Наверное, мне тогда было года четыре или, может быть, пять — не могу вспомнить, было это до Освобождения или после. Конечно, я не понимал ничего из того, что было написано в отцовском блокноте. Мне просто нужна была некая вещь, с чем я мог бы изображать отца; к примеру, блокнот — в точности как у него. Но даже тогда я понимал, что ни в коем случае нельзя допустить, чтобы история с блокнотом выплыла наружу. Я упрятал блокнот подальше, в коробку в ящике комода в свободной комнате. А потом забыл про него.

Забыл лет на двадцать, если не больше. Я вырос, стал жить отдельно, поступил в университет. Занялся теоретической физикой. После смерти отца мать решила продать старый дом и купить другой, поменьше. Она попросила меня приехать помочь разобраться с вещами. Мне было странно вернуться туда, где я жил ребенком — нет, я довольно часто бывал у родителей, но теперь, среди пустых буфетов и упаковочных ящиков, вновь погружаясь в прошлое, я вдруг очень остро ощутил все прошедшие годы. И вот в свободной комнате, в глубине ящика, в коробке, я нашел блокнот, который спрятал там много лет назад. Он лежал себе там тихонько все эти годы. Я открыл его и увидел разноцветные каракули, намалеванные на страницах моей, тогда еще совсем детской рукой. Теперь я уже осмысленно прочитал записи, сделанные отцом, — заметки полицейского, которые я украл. Может быть, из-за потери этого блокнота у отца были крупные неприятности. А может, он скрыл от начальства, что потерял блокнот, и написал новый — какие-то записи восстановил по памяти, а какие-то просто выдумал. Может быть, мой детский проступок стал причиной неожиданного освобождения одного человека — и приговора другому.

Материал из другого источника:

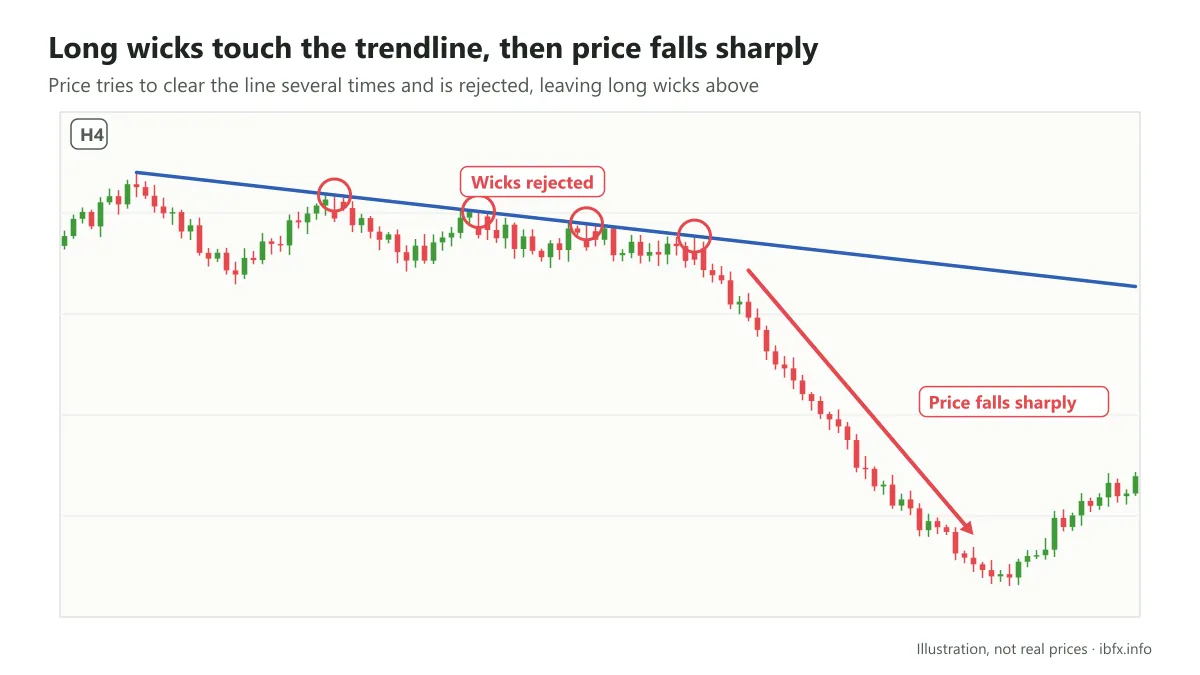 Chart on H4: several candles with long upper wicks touch the falling trendline, price is rejected and then falls sharply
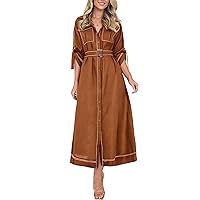 PRETTYGARDEN Women's Maxi Shirt Dress Casual 3/4 Sleeve Button Down Lapel V Neck A Line Belted Long Dresses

Этот блокнот все еще у меня — я так и не смог его уничтожить. Чувство вины за ту давнюю кражу до сих пор отдается болезненной судорогой у меня в животе.

Но все-таки этот блокнот — единственное, что осталось у меня от отца. Больше нет ничего. Спустя пять лет после того, как блокнот нашелся, я уехал в Италию и взял с собой на память только этот блокнот. Записи в нем по-прежнему интриговали меня — подробности из жизни двух людей. Я не знаю, что это за люди. Я даже не знаю, к какому времени относятся записи — к Оккупации или к коммунистическому режиму. И в тот, и в другой период стандартные полицейские блокноты были другими, а отец успел послужить при обоих режимах — так что, похоже, эти записки связаны с каким-то секретным делом за пределами обычной полицейской работы. Возможно, ответ можно было бы найти на тех страницах, которые я повыдирал из блокнота во время своих детских игр. Может, теперь, когда архивы открыты, я наберусь смелости съездить в Англию и попытаюсь раскрыть тайну этих старых записок.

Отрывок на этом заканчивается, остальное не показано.